I knew the movie inside out and expected that I would with ease follow the dialogue and musical numbers of the Australian stage adaptation. But I didn’t get the fun room cleaning, finger snapping, spoonful of sugar scene at the start and so became utterly dismayed. Very quickly I was distracted by all the many changes. Until I realised I would probably have critiqued the lack of originality had I seen a direct copy of the movie. So I began to enjoy it in all its supercalifragilisticexpielidotious-ness (did I spell that right?).
The most impressive thing by far was the set design and stagecraft, I was captivated right from the start by the paper fold out house. The carpet bag scene was there. Mary Poppins pulls out a hat stand and mirror from a bag that couldn’t possible fit those things. The fascinating illusion was re-created on the stage and I couldn’t work out how they did it! Throughout the play the set was simple and effective in setting the scene and creating the atmosphere. The costumes were also fairly authentic of not only the original movie but also of the era it was capturing. The very colourful costumes and sets made it very fun to engage with and was definately a play for all age groups.
‘It’s a jolly holiday with Mary, no wonder that it’s Mary that we love’. Once again there were magical twists and turns everywhere. Along with Jane and Michael Banks we were transported to Bert’s drawing and the adventures within. The visit to Mrs Corry’s shop was a joyous colourful affair to say the least. The great ‘chim-chiminey’ song gets sung by a chorus of tap dancing sweeps on the rooftops where in Bert’s words “There’s the whole world at your feet and who gets to see it but the birds, the stars, and the chimney sweeps”.

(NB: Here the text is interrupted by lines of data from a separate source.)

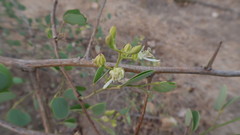 Bauhinia racemosa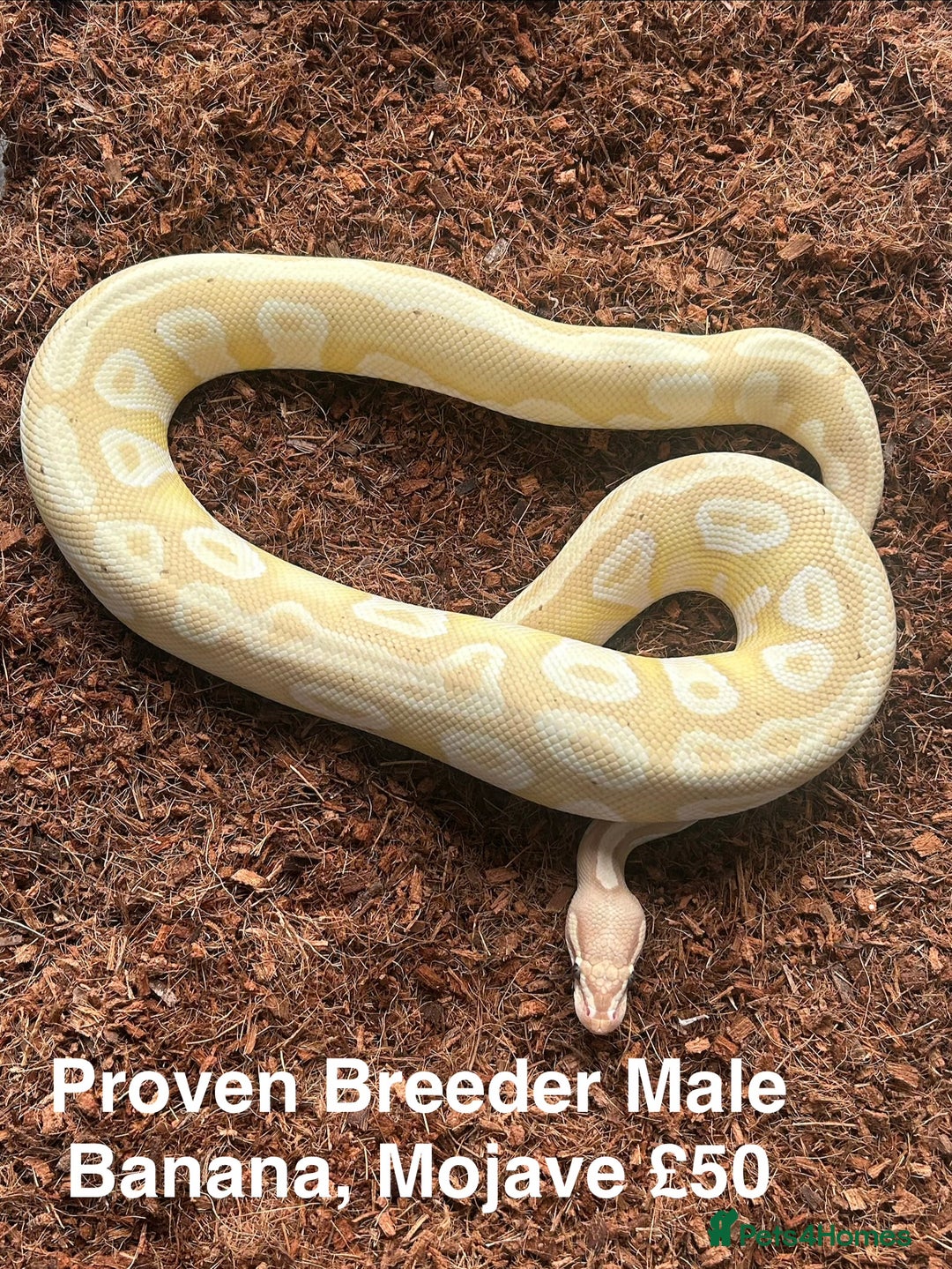 Python Snake reptiles for sale: Royal Pythons Various Ones Available  - Advert 4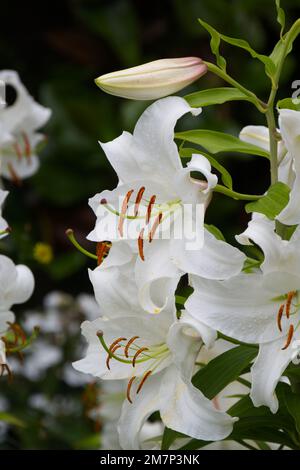 Duftende weiße Sommerblumen aus Lilium speciosum Album im britischen Garten im August Stockfoto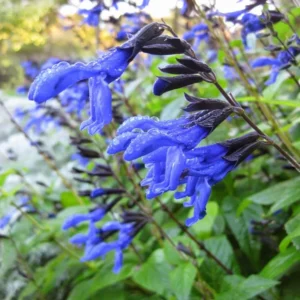 Black Blue Sage Salvia Live Plant Herb, Blue Salvia Sage Bush Shrub Grow Indoors Outdoor in 3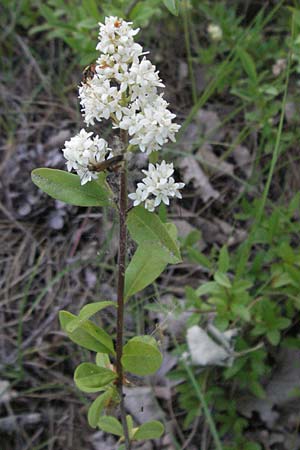 Ligustrum vulgare \ Gewhnlicher Liguster / Wild Privet, F Causse du Larzac 7.6.2006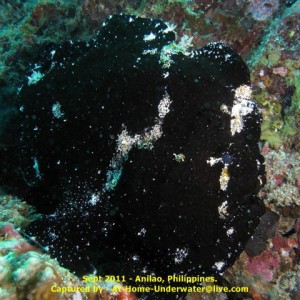 Anilao Sept 2011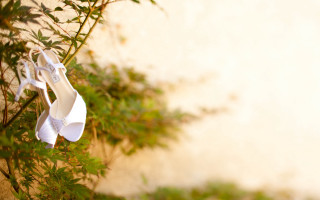 White shoes hanging tree leaves - a wall in the background free wallpaper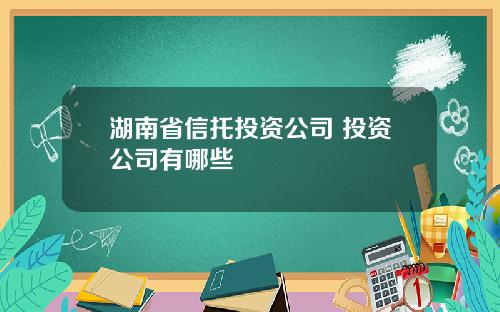 湖南省信托投资公司 投资公司有哪些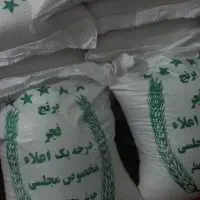 برنج محلی فجر امسال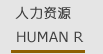 人力资源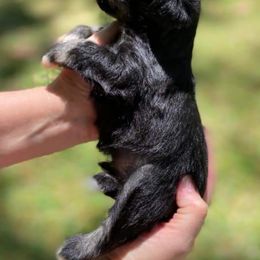 Miniature Schnauzer Puppies from Fur Covered Angels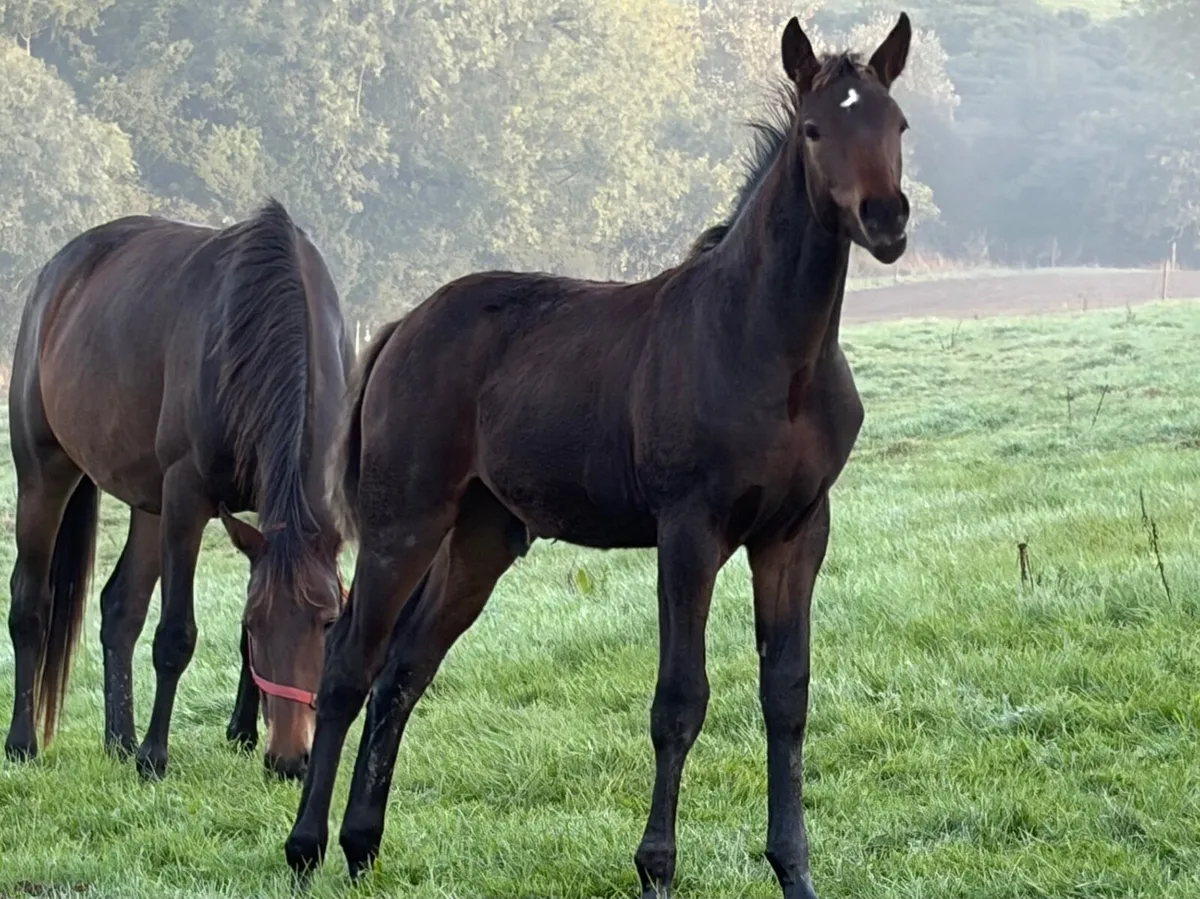 Ulrik Van’t Merelsnest Colt Foal - Image 1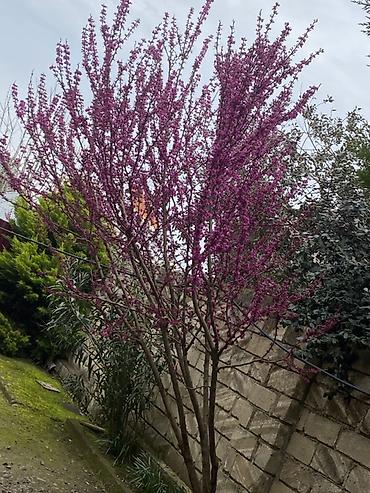 pustə ağacı satılır: Bağ üçün dekorativ ağaclar və palma - Palma ağacı (feoniks/xurma — 4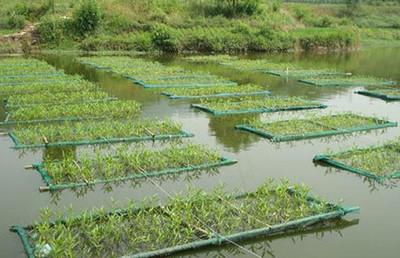 草鱼喜食的牧草种类以及投喂技术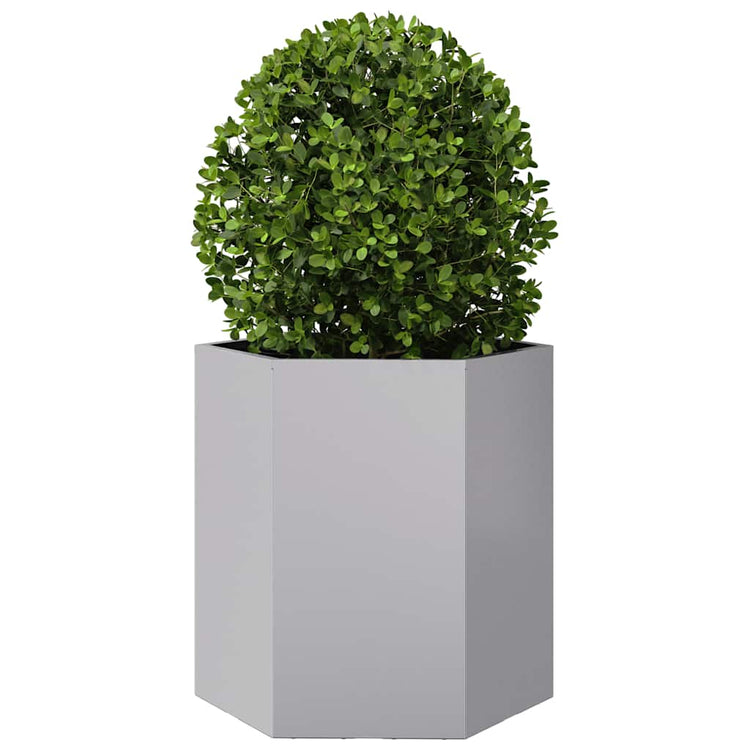 Vidaxl Plannet Hexagon 46x40x45 cm verzinkter Stahl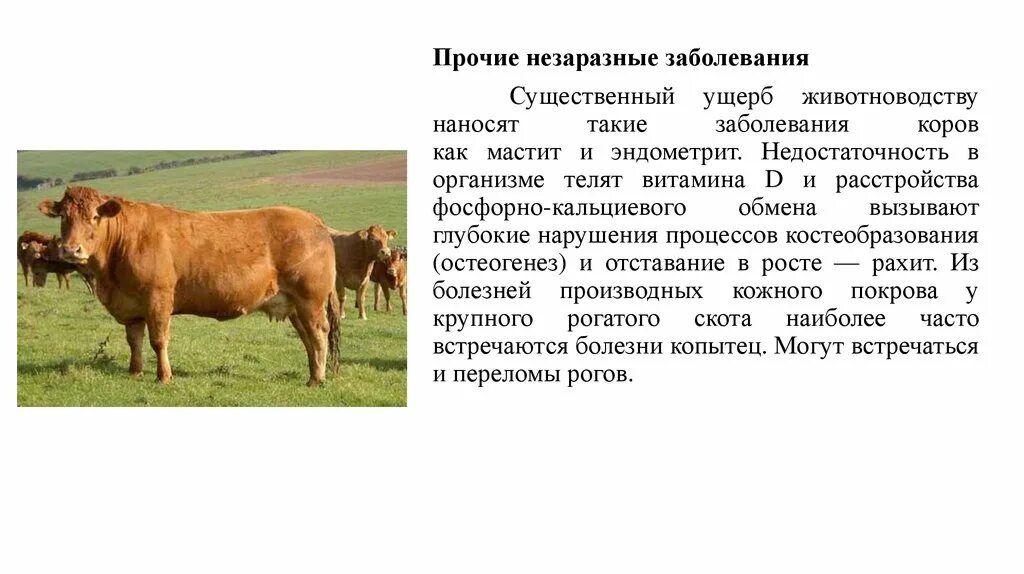 Виды заболеваний животных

Verity Hunt-Ballard played the super nanny Mary Poppins brilliantly. She was witty and charming and everything I would expect to see of the magical British nanny. Her rendition of all the unforgettable songs including ‘Spoonful of Sugar’ and ‘Supercalifragilistic’ were delightful. But it was Matt Lee as Bert the jack-of-all-trades larrikin that absolutely stole the show even before he tap danced upside down on the ceiling! He was hilarious and believable in the role and if it’s one thing that the musical stage production added to the film it was more humour.
Musicals are always entertaining and this was certainly no exception with superb choreography, excellent acting, exceptional singing and an outstanding supporting orchestra. There is only one word to describe the plays brilliance and the enjoyment I had in watching it, yes you guessed it…SUPERCALIFRAGILISTIC!